Filtering output in hadoop - hadoop

I'm new with Hadoop and playing around with the WordCount example.
I ran into an issue that is confusing me. If I take word count from a text file and I want to, for example, filter it in a such way that only words longer than 5 letters are in the output, do I have to run 2 jobs to do this?
The first job to do the word count and second job to filter the words shorter than 5 letters?
Or can I just write logic into reducer that does not write the word into the result file if there are less then 5 occurrences? Would this result an invalid output if there are multiple instances of the reducer running?

Simple answer is you don't need to jobs.
You can achieve this with a single job. The logic you have described into the last of the problem is absolutely correct.
In the MapReduce framework, all the data (values) related to a single keys always passed to the same Reducer.
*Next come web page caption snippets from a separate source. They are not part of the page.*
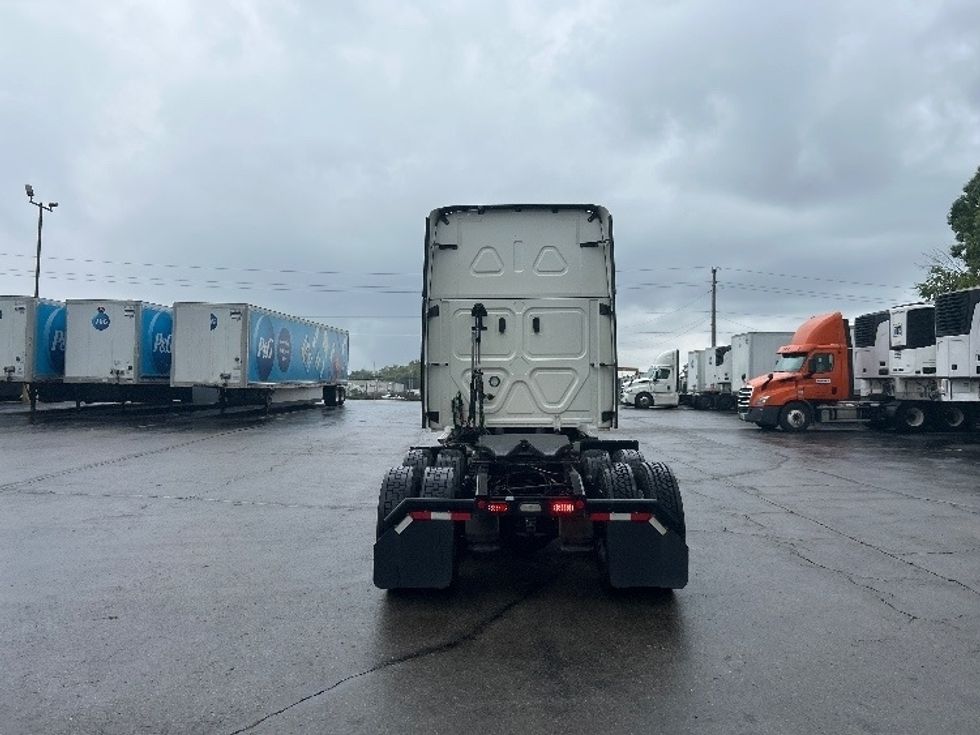 Sleeper Tractor-Heavy Duty Tractors-Freightliner-2022-T12664ST-Chattanooga-TN-310,781\n\t\tmiles-$ 90,250 - Image 6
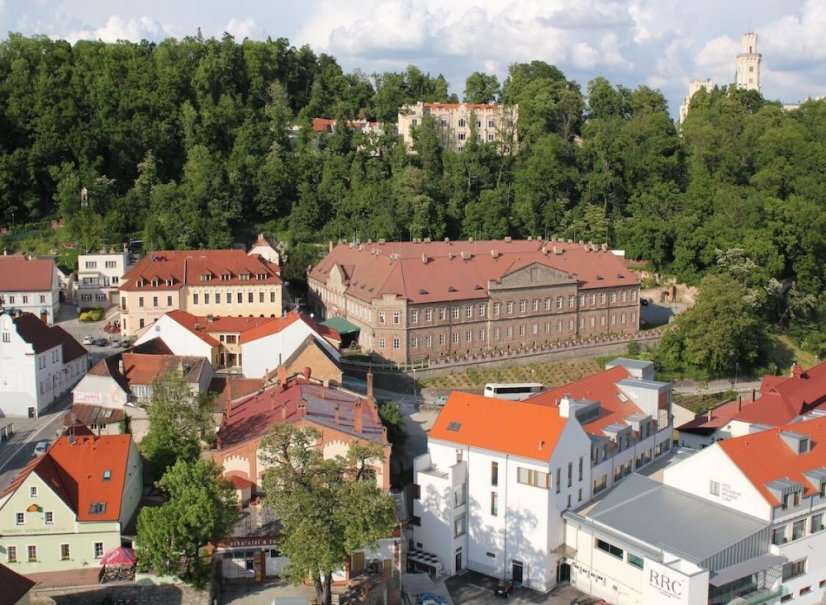 Hotel Podhrad – komfort, odpočinek a gastronomie v srdci Hluboké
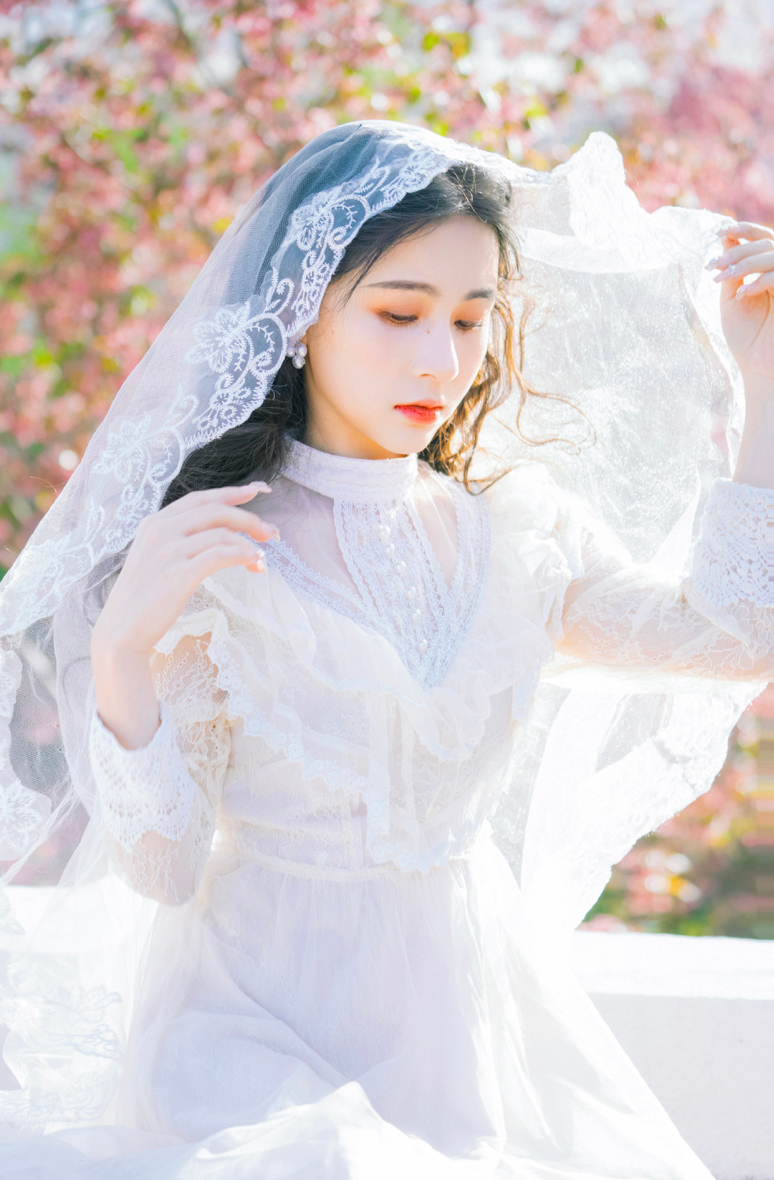 养眼妹子白色宫廷风婚纱裙写真图片 8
So even if multiple reducers are running for your job will not affect the output.
PS:
only words longer than 5 letters are in the output
This is from second paragraph of your problem. I am assuming that you mean 5 occurrence of a word not the length of the word.
But you want only words with more than 5 length, that you can filter in Mapper itself. So there will be less data for sort-shuffle phase (data sorting and transfer over network) and less data process for Reducer.

One MapReduce job should be enough.
The best-practices say that you should filter and project data in the mapper if it is possible.
In you case, your filter condition only depends on the input data (characters in the input word), then you could filter the input in the mapper side and only send to the reducer words with more than 5 letters. Improving the performance of your job. It doesn't make sense send the data to the reducer to drop it. Although it should work too.

Related

How does map-reduce work..Did i get it right?

I'm trying to understand how map-reduce actually work. please read what i written below and tell me if there's any missing parts or incorrect things in here.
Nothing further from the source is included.